UBC’s Electrical and Computer Engineering department offers no shortage of advanced electives for upper year students. As someone who has a tendency to like too many things, I’ve worried about fitting all my interests into 12 credits. Though I ended up taking more credits than needed, the opportunity to dive into new fields was invaluable to my learning.

I’ll be going over the advanced electives I took to hopefully help you decide which electives may (or may not) be suitable for you.

Too Many Electives, Not Enough Time

You’d think I would’ve taken all the courses I wanted after spending 6 years at UBC. Unfortunately, workload and scheduling issues meant I decided to pursue other electives.

The electives listed are ones I would have taken given more semesters. I’ve also included details heard from previous students.

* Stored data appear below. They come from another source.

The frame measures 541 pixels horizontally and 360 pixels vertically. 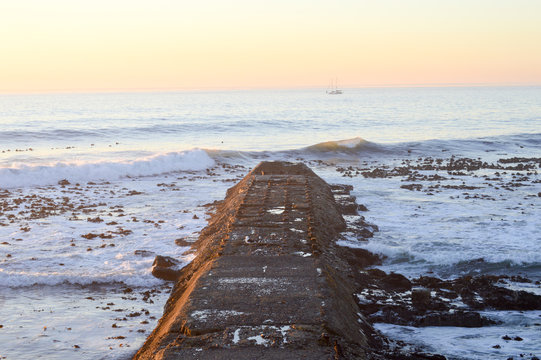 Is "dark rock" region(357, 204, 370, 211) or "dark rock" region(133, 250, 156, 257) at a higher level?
"dark rock" region(357, 204, 370, 211)

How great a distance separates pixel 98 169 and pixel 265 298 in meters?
25.0

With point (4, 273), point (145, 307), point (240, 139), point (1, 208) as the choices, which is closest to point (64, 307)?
point (145, 307)

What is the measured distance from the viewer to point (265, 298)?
9.92 meters

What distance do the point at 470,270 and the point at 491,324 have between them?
12.7ft

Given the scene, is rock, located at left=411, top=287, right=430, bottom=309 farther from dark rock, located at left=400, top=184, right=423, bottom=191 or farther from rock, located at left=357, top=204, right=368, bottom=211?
dark rock, located at left=400, top=184, right=423, bottom=191

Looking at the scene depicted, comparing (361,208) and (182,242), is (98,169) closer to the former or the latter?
(361,208)

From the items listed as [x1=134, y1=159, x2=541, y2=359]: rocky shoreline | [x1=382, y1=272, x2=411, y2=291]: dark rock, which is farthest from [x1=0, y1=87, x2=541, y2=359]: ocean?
[x1=382, y1=272, x2=411, y2=291]: dark rock

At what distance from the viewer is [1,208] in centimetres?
2273

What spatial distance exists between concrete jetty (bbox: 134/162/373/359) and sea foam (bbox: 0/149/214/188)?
656 inches

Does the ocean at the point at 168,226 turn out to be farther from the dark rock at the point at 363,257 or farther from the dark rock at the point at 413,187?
the dark rock at the point at 363,257

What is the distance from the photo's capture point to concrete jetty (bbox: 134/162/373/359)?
8242mm

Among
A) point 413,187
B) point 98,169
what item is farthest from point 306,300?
point 98,169

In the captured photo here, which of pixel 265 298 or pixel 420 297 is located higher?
pixel 265 298

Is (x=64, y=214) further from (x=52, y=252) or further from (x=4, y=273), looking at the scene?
(x=4, y=273) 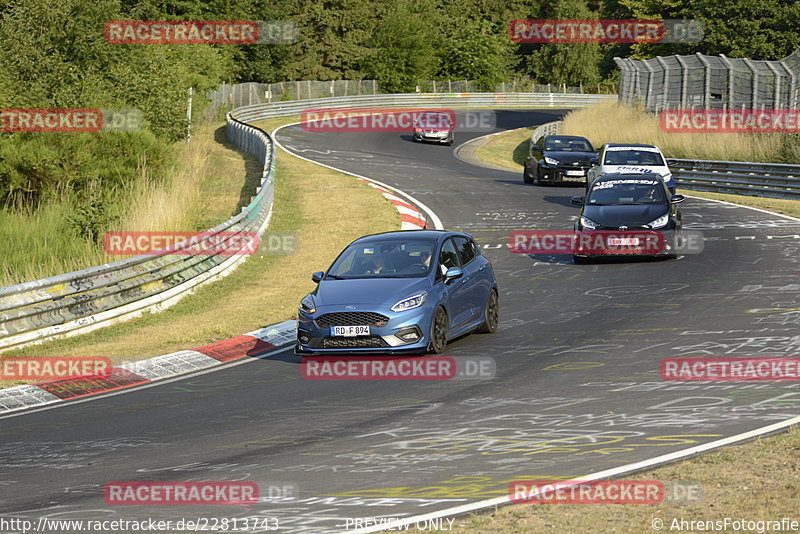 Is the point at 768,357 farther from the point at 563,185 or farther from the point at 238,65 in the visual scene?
the point at 238,65

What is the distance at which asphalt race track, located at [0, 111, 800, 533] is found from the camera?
7953mm

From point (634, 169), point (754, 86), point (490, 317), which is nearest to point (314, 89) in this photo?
point (754, 86)

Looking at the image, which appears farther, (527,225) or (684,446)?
(527,225)

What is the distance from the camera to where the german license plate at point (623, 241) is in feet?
69.2

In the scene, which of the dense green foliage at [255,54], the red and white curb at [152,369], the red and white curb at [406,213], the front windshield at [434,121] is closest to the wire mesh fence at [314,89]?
the dense green foliage at [255,54]

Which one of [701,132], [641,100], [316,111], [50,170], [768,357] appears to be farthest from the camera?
[316,111]

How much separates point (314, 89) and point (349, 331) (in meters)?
75.6

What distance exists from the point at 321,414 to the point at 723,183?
27.7m

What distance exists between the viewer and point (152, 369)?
13.7 metres

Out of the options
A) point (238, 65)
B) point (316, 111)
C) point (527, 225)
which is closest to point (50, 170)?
point (527, 225)

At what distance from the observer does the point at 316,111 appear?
7144cm

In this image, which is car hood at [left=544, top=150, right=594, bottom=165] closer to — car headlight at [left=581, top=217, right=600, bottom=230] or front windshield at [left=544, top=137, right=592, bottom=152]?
front windshield at [left=544, top=137, right=592, bottom=152]

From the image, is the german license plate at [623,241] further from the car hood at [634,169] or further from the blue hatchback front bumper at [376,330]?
the blue hatchback front bumper at [376,330]

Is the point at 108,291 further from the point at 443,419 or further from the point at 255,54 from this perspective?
the point at 255,54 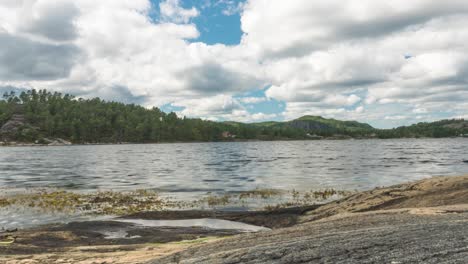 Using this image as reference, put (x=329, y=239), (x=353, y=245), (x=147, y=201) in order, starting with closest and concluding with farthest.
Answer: (x=353, y=245), (x=329, y=239), (x=147, y=201)

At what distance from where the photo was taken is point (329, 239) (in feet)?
28.2

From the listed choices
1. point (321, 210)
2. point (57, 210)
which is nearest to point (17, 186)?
point (57, 210)

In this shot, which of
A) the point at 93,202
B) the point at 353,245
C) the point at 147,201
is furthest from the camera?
the point at 147,201

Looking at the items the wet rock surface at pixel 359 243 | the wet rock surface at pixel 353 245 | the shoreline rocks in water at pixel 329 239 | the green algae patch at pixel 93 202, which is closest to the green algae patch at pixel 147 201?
the green algae patch at pixel 93 202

  • CPEN411 (Computer Architecture): The prominence of hardware for graphics and ML drew my interest in the course. Seemingly heavy workload with high expectations, which is on par with digital hardware courses here (eg. CPEN211).
  • CPEN432 (Real-Time System Design): Embedded courses aren’t plentiful for ELEC and the opportunity to work with FreeRTOS is neat. Without CPEN331 (Operating Systems) or MATH220 (Mathematical Proof) credits, I felt underprepared (especially with using proofs for scheduling theory). Previous course offerings featured a heavy courseload, but curriculum and instructor changes have tried to address this.
  • ELEC421 (Digital Signal and Image Processing): Despite struggling in ELEC221, I’ve heard good things about the course from my peers in terms of instructor and course content. Admittedly, I wouldn’t have been too keen to touch MATLAB again.
  • CPEN400D (Deep Learning): The course has fantastic instructors, what more you ask for? I opted to take ELEC400M due to scheduling conflicts.

Advanced Electives Review

The course selection was heavily influenced by my work experience. As such, your mileage may vary depending on how interested you are in the topics presented. The writing is presented with the caveat these are my opinions and I would encourage you to speak with previous students as well for more insight.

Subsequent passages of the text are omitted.